- [Task to carry out]:
Look below for the line with "Stock photo shows" and the line with "living room with"; repeat exactly those two lines and all lines between them, but no pictures.

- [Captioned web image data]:
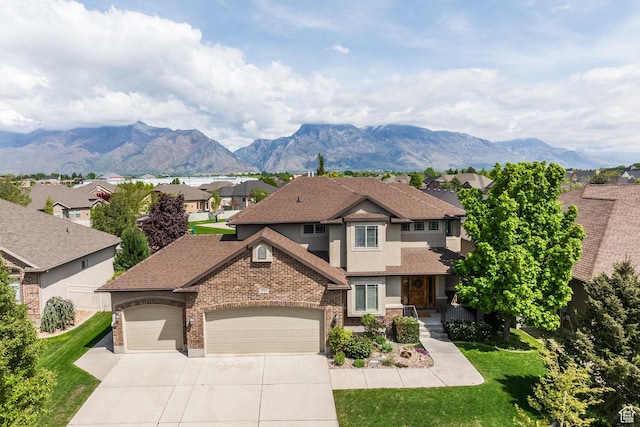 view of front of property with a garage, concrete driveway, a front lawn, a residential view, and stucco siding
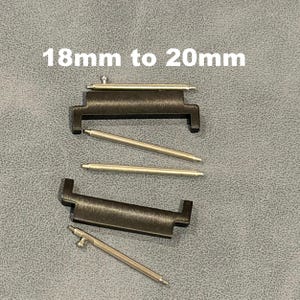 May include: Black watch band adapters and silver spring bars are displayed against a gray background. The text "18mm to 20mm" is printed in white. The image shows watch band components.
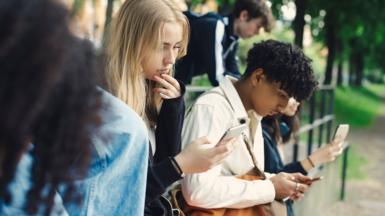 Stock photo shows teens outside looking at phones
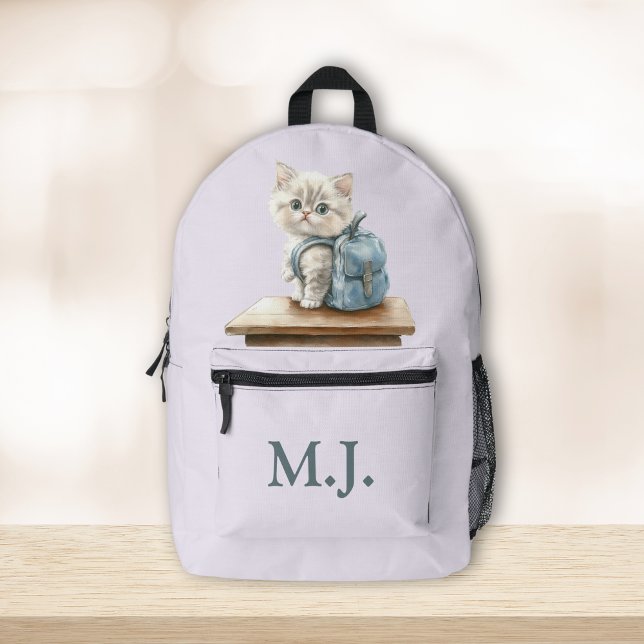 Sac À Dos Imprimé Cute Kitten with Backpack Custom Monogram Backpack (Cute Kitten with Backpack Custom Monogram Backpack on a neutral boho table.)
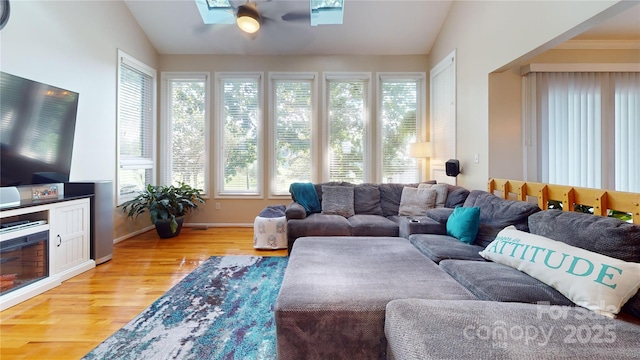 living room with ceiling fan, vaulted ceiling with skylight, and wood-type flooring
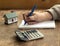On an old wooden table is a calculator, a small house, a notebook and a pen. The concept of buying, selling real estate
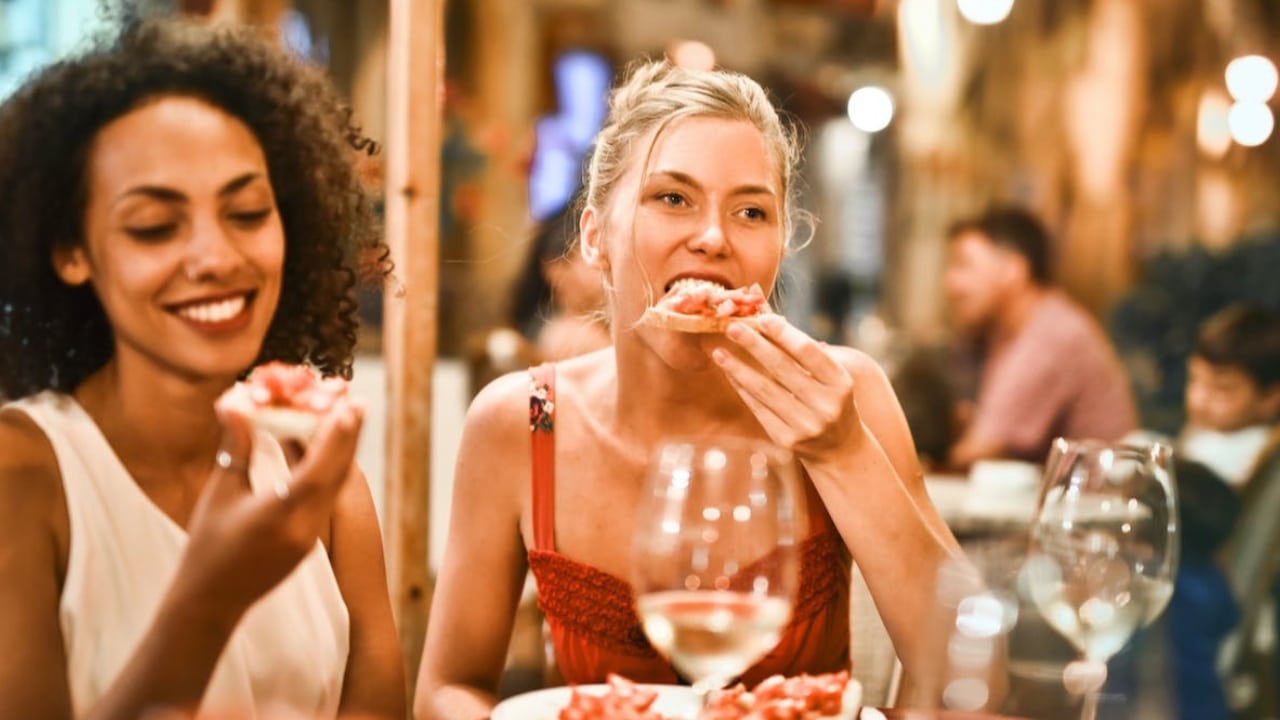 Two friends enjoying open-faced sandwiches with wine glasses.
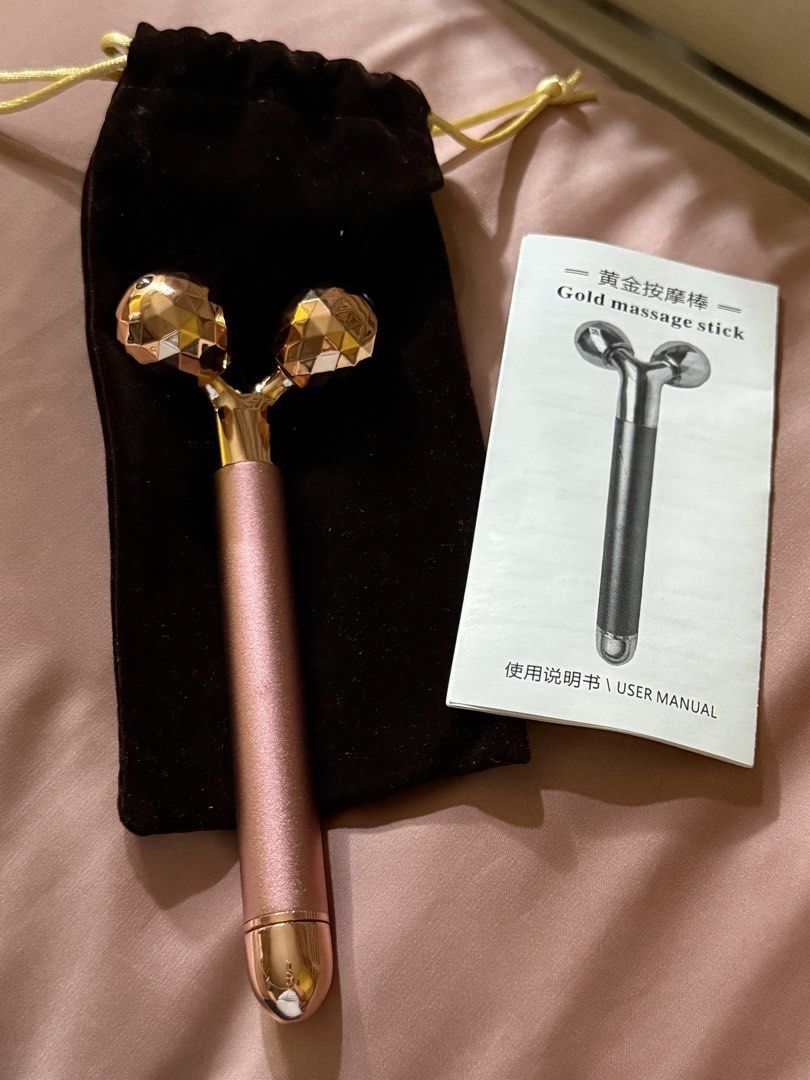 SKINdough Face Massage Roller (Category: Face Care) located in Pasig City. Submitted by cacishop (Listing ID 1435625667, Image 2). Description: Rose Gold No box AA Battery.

- [Solution to this problem]:
 Stock photo shows teens outside looking at phones
 Sac À Dos Imprimé Cute Kitten with Backpack Custom Monogram Backpack (Cute Kitten with Backpack Custom Monogram Backpack on a neutral boho table.)
 living room with ceiling fan, vaulted ceiling with skylight, and wood-type flooring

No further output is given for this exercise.